WHAT YOU SHOULD DO: Reprint all of the data below exactly as shown and skip every image.

== INPUT DATA

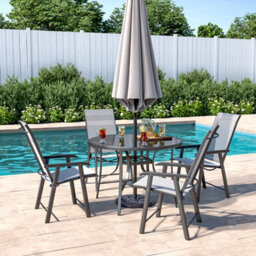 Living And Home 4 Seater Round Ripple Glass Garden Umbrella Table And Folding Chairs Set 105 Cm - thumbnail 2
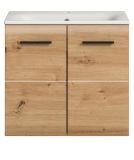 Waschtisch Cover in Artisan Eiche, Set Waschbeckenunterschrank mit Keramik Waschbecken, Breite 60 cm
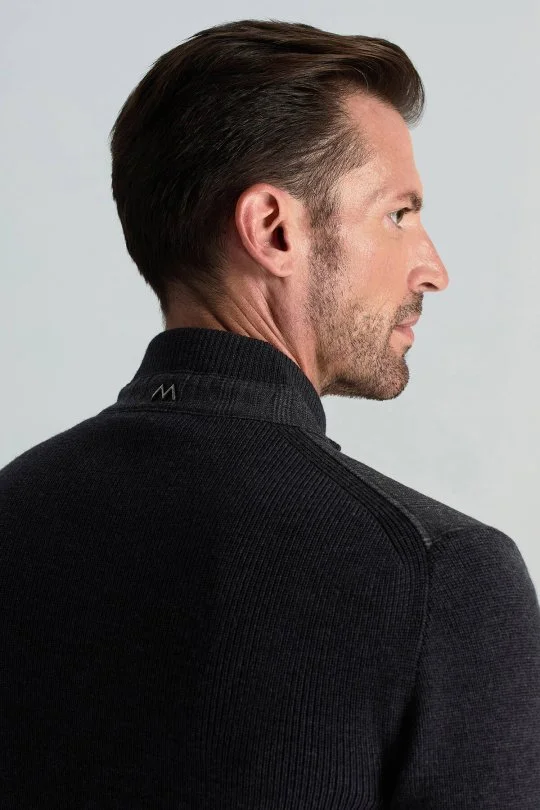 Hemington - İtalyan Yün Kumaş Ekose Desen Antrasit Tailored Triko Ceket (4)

====

SOLUTION:
 Living And Home 4 Seater Round Ripple Glass Garden Umbrella Table And Folding Chairs Set 105 Cm - thumbnail 2
 Waschtisch Cover in Artisan Eiche, Set Waschbeckenunterschrank mit Keramik Waschbecken, Breite 60 cm
 Hemington - İtalyan Yün Kumaş Ekose Desen Antrasit Tailored Triko Ceket (4)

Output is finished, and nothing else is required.